Deshalb handelt es sich bei der subkutanen Applikation oft um Off-Label-Use!
Für viele Substanzen liegen uns Daten zur subkutanen Anwendbarkeit vor. In der Regel handelt es sich dabei aber um Fallberichte und Fallserien mit wenigen Patient:innen, also nicht um systematische Untersuchungen, sondern lediglich um Erfahrungsberichte. Dennoch lassen sich solche publizierten oder auch nur persönlich gesammelten Erfahrungen im klinischen Alltag als Orientierungshilfe nutzen, wenn keine offiziellen Empfehlungen zur subkutanen Applikation eines Arzneistoffes existieren.
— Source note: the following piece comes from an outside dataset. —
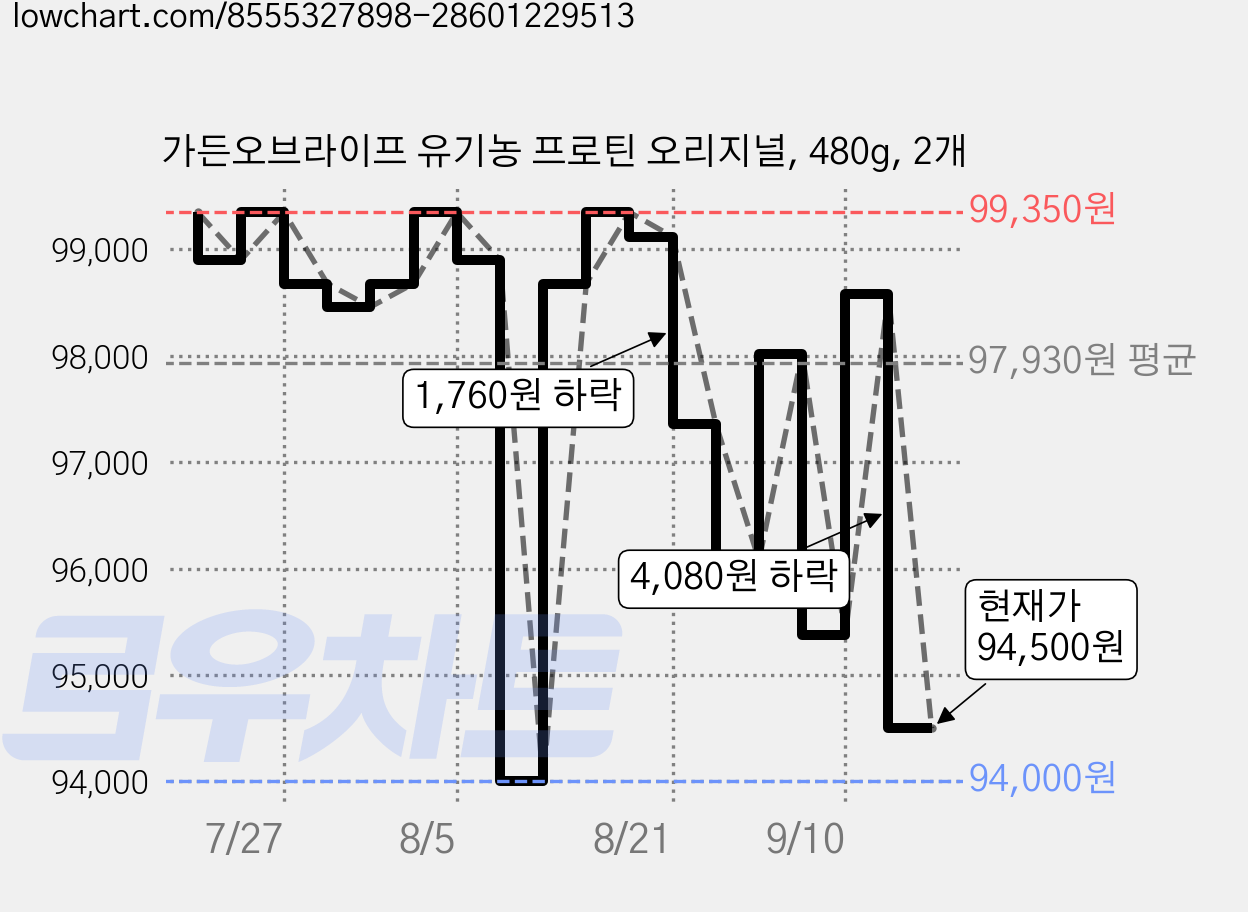 가든오브라이프 유기농 프로틴 오리지널, 480g, 2개 가격 변동 차트, 현재가 94,500원, 관측 최저가 91,980원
Wichtige Aspekte dabei sind:
- Die Substanz ist gut wasserlöslich. Es sind keine Lösungsvermittler nötig, um die Substanz überhaupt erst in Lösung zu bringen.
- Das Applikationsvolumen ist gering.
- Die Substanz ist möglichst wenig reizend.*
- Osmolarität und pH-Wert sind sich im physiologischen Bereich.**
* Hinweise, dass eine Substanz reizend ist, kann z. B. die Fachinformation geben. Besondere Aufmerksamkeit verdient z. B. der Vermerk, dass eine Substanz bei extravasaler Anwendung Nekrosen auslösen kann.
** Möglicherweise sind Osmolarität und pH-Wert allerdings nur von untergeordneter Bedeutung. Mittlerweile ist bekannt, dass Patient*innen auch Substanzen mit hohen Osmolaritäten und extremen pH-Werten bei s.c.-Applikation gut tolerieren. Beispiele sind Midazolam (pH 2,9–3,7) und Omeprazol (pH 9,3–10,3) sowie Metamizol oder Levetiracetam.
Dass ein Arzneimittel für ein Anwendungsgebiet, einen Applikationsweg oder eine Dosierung nicht zugelassen ist, bedeutet nicht zwangsläufig, dass es sich für diese Anwendung grundsätzlich nicht eignet; ebenso wenig bedeutet es, dass es schädlich oder verboten wäre, das Arzneimittel außerhalb seiner Zulassung einzusetzen. Dafür gilt allerdings eine besondere Sorgfalts- und Dokumentationspflicht.
Es liegt im Ermessen des Behandlers, unter verschiedenen anerkannten Therapiemethoden jene auszuwählen, die sich für die zu behandelnde Person am besten eignet. Selbstverständlich muss der Arzt bei der Wahl einer Therapie seine Sorgfaltspflicht einzuhalten. Es gilt, vermeidbaren Schaden von der zu behandelnden Person fernzuhalten –unabhängig von der verbleibenden Lebenserwartung. Wenn es keine sinnvolle Alternative gibt, führt oft kein Weg am Off-Label-Use vorbei.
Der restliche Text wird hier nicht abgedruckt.